Peoples' Weather Map


Maxwell Tornado of 1944

Maxwell, Story county, Iowa


On May 18th, 1944, around 10:30pm, a storm moved toward Maxwell, a small rural town in Story County. Residents of the town remember the severe damage caused by the tornado and flooding from heavy rains. Merril Hoyt, 28, and West Mohler, 12, who perished in the storm that night, are still remembered by residents in the Maxwell area.

May 18th was graduation day for high school seniors at Maxwell High school; later that night was the Alumni Banquet, but it was cancelled due to the approaching storm and was never rescheduled.

Jerry White, a 13-year-old student and resident of Maxwell at the time, recalls the destruction caused by the tornado to local residents in the area. Jerry White was not directly impacted by the tornado, but he remembers hearing about the damage from his neighbors by phone and driving around the next day to see the damage firsthand.
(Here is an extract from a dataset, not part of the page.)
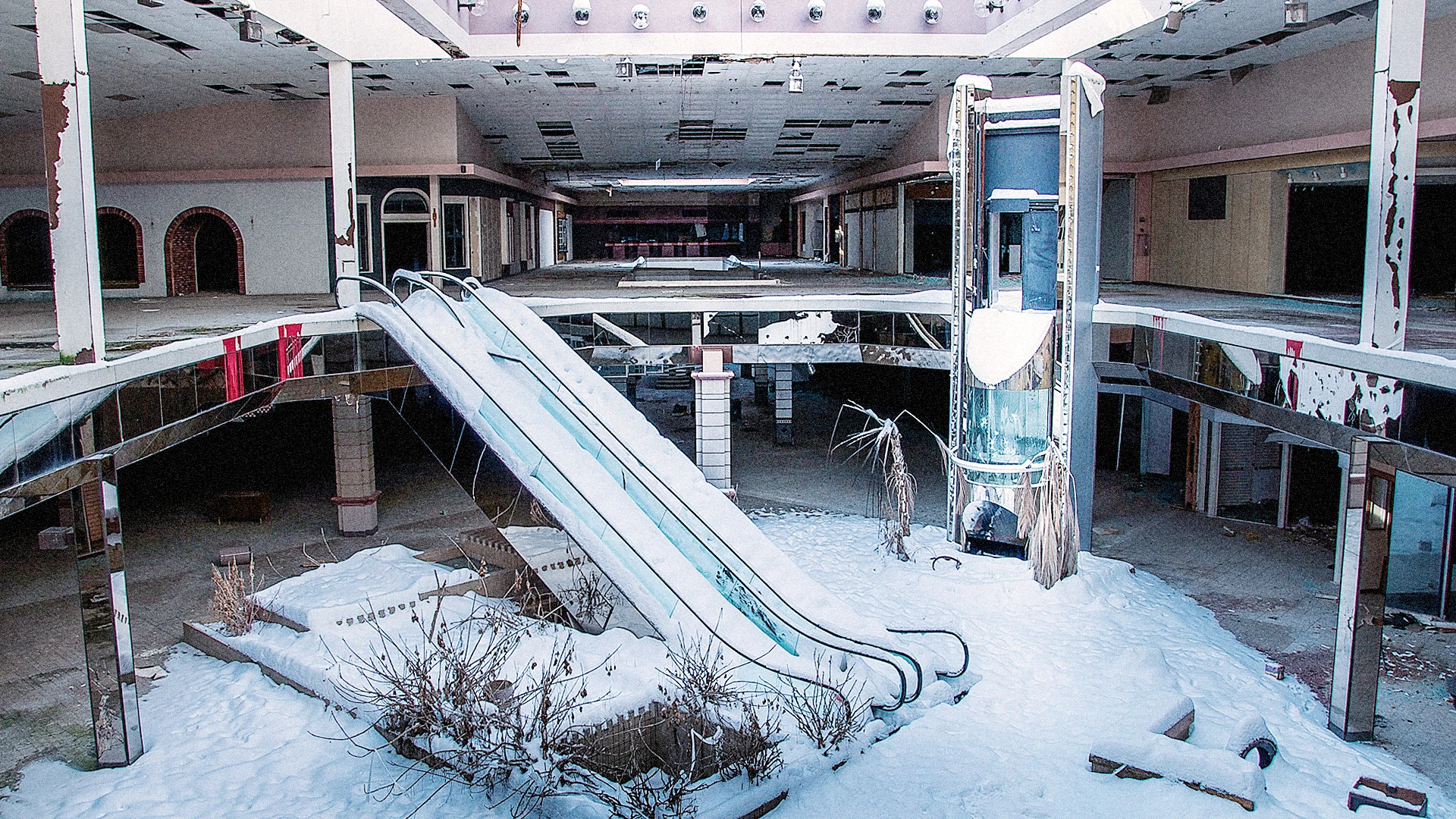 Surreal Photos Of Abandoned, Snow-Filled  Malls Show The Death Of An Era In America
In 1944, there were no sirens spread throughout the town to warn of a possible tornado in the area. As the tornado approached from the west, it moved toward Jack Vier’s residence destroying his barn. After crossing a creek, the tornado then approached Skinny Maneer’s residence. At the time of the storm, a card game was underway at Mr. Maneer’s home. After the tornado passed there were cards and money spread out all over the yard and cemetery that was nearby.

Merril Hoyte, was home with his wife and child when the tornado hit. The tornado carried his wife and child quite a ways before tossing them into a fence. His child and wife survived the tornado, but Merril was killed in the destruction.

The Rupes, an older couple living just outside of Maxwell in the path of the tornado, had a very close encounter with the destruction of the storm. The tornado killed a few pigs on their farm and even sent a piece of 2×4 through a sow’s neck; she was later put down. The strong winds plucked the feathers off some of the chickens and destroyed all of the farm buildings. A tree fell just a few feet from them while they were lying in bed, and the sheets were ripped off the Rupes’ bed.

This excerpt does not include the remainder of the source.